If successful, the acquisition would transform India's biggest mobile company into an international colossus with footholds in a host of emerging markets across Africa and the Middle East. It would also be the largest takeover of a foreign firm by an Indian group, eclipsing Tata's acquisition of Corus, the Anglo-Dutch steelmaker, for £6.7 billion.
Analysts expect news of the talks to flush out counter-bidders bent on thwarting the deal and ramping up their own exposures to fast-growing developing markets. MTN has about 68 million subscribers in 21 countries, compared with Bharti's 62 million in India. Suresh Mahadevan, of UBS, said: "MTN is likely to attract a host of other suitors which may push up the acquisition price."
Analysts suggested that Vodafone, which was recently linked to a possible bid for MTN, is pondering a move. Sources close to the London-listed group confirmed that emerging territories remain a priority to offset saturated Western markets, but that a bid for MTN was not imminent.
Reliance Communications, the Indian group controlled by the industrialist billionaire Anil Ambani, and China Mobile, China's largest mobile group in terms of subscriber numbers, are also viewed as potential buyers. Neither group had any immediate comment.
Sunil Bharti Mittal, the Bharti chairman, has expressed confidence in his group's ability to fund some sort of move for MTN amid the current credit crisis. However, shares in Bharti, which has a market value of about $40 billion, fell sharply in Bombay yesterday on concerns that the Indian company risks overstretching itself.
It was reported that Goldman Sachs and Standard Chartered have been lined up to underwrite about $6 billion each in financing and that equity would also be issued to fund the MTN deal. Bharti had just about $1.3 billion in cash and equivalents on its books at the end of March.
MTN is being advised by Merrill Lynch and Deutsche Bank.
Analysts yesterday suggested that Singapore Telecommunications, the Asian giant that holds a 30.5 per cent stake in Bharti, may join the deal to lend the Indian group some financial heft. "Given the size of any potential acquisition, we see a reasonable probability that SingTel gets directly involved with Bharti as a co-buyer as well," a note from Citigroup said.

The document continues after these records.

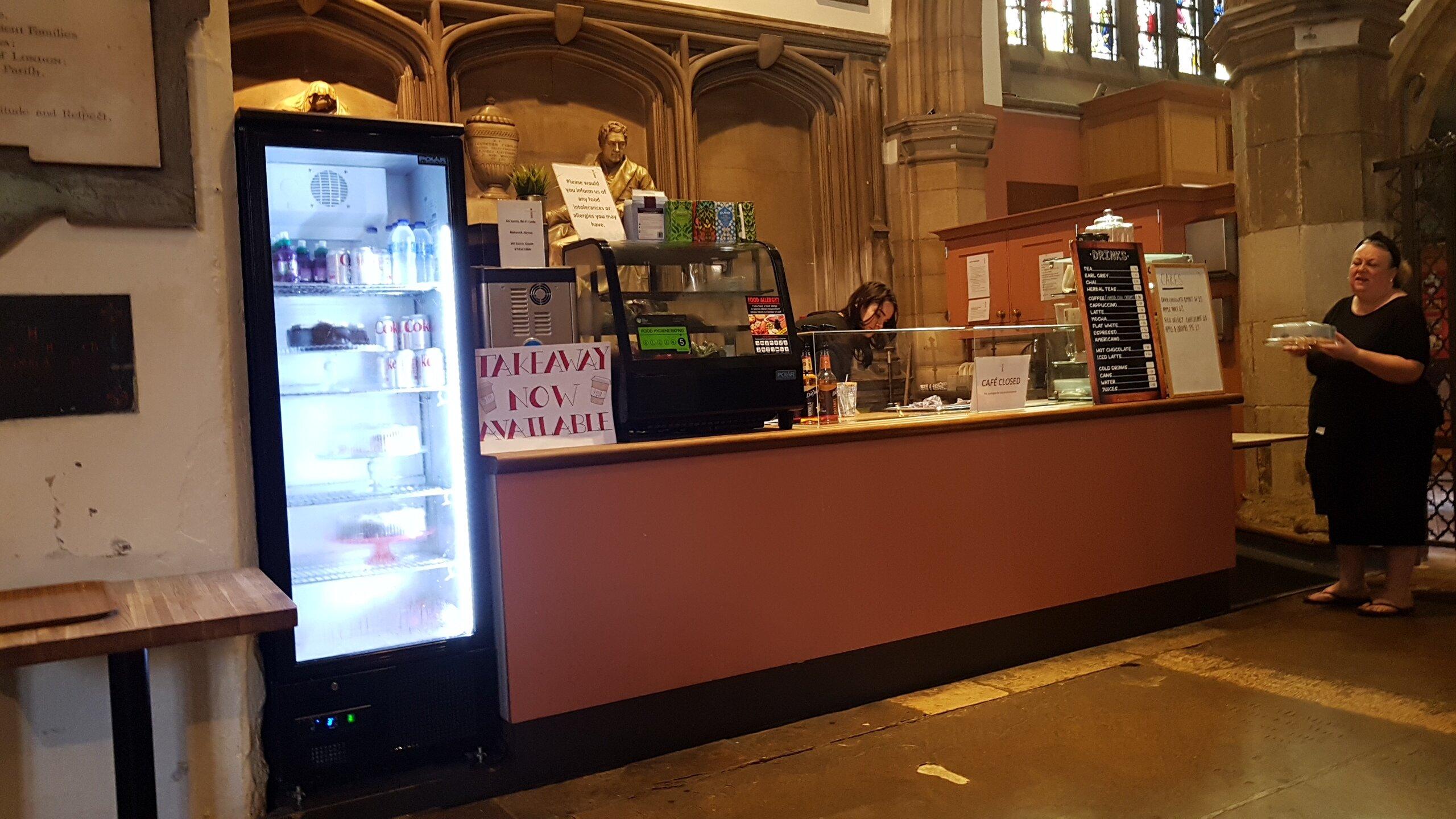 Photo by F7114LZdominicp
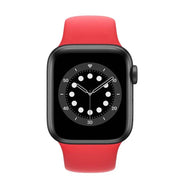 Original SmartWatch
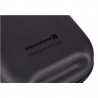 BEYERDYNAMIC HARDCASE PRO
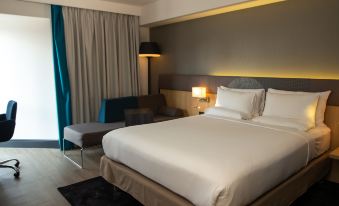 Novotel London Wembley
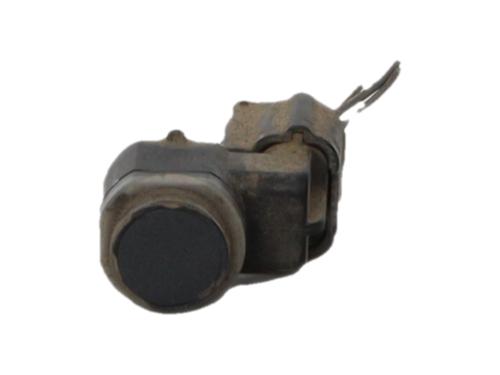 Electronic module RENAULT MEGANE III Hatchback (BZ0/1_, B3_) 1.5 dCi (BZ09, BZ0D, BZ1W, BZ29, BZ14) | BP37451858M83 - Image 2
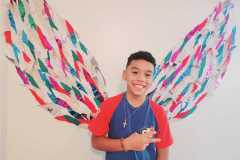 WhatsApp-Image-2025-05-14-at-14.31.38-1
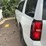 2017-chevrolet-tahoe-image-5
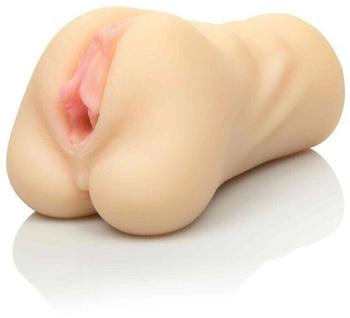 CalExotics Stroke It Pussy Skin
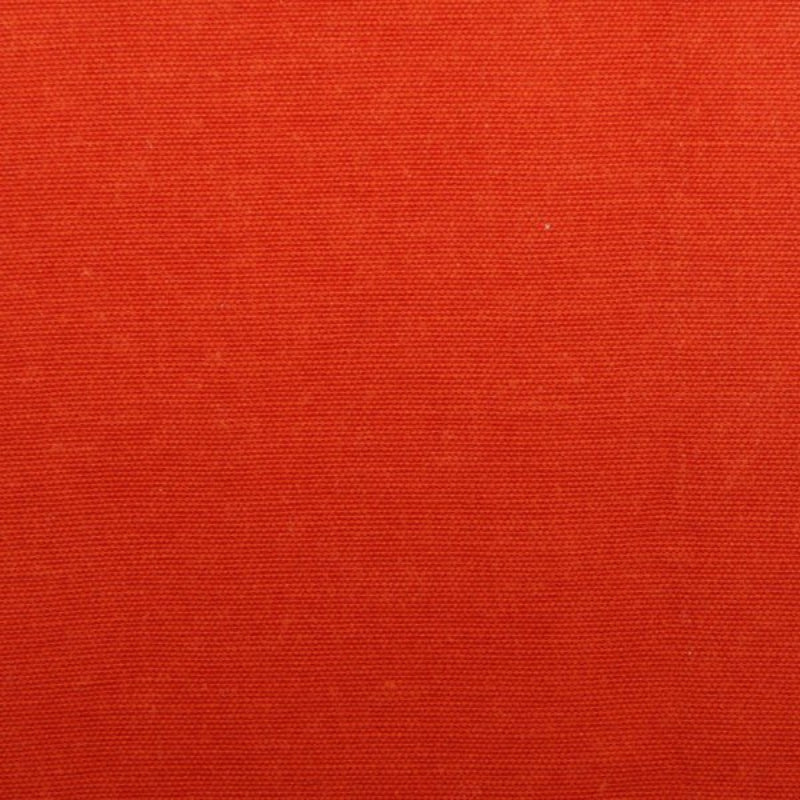 Nappe Plastifiee Uni - Maryse cuisine 7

A takeover would also have to negotiate political concerns in South Africa over the fate of one of the country's most highly-valued companies. MTN has close ties with the South Africa's ruling ANC party. The company's chairman is Cyril Ramaphosa, one of an influential set of former ANC politicians turned businessmen.
Singapore Telecommunications also confirmed the talks. It said: "Current discussions are still at an early stage, are exploratory in nature and may or may not lead to any transaction."
Last year, Vodafone failed in its efforts to expand its presence in Africa by securing absolute control of Vodacom, another leading South African mobile company, after talks broke down. The British group's attempt to acquire the 50 per cent of Vodacom it does not already own from Telkom, the former state monopoly, had rested on MTN buying Telkom's fixed line business.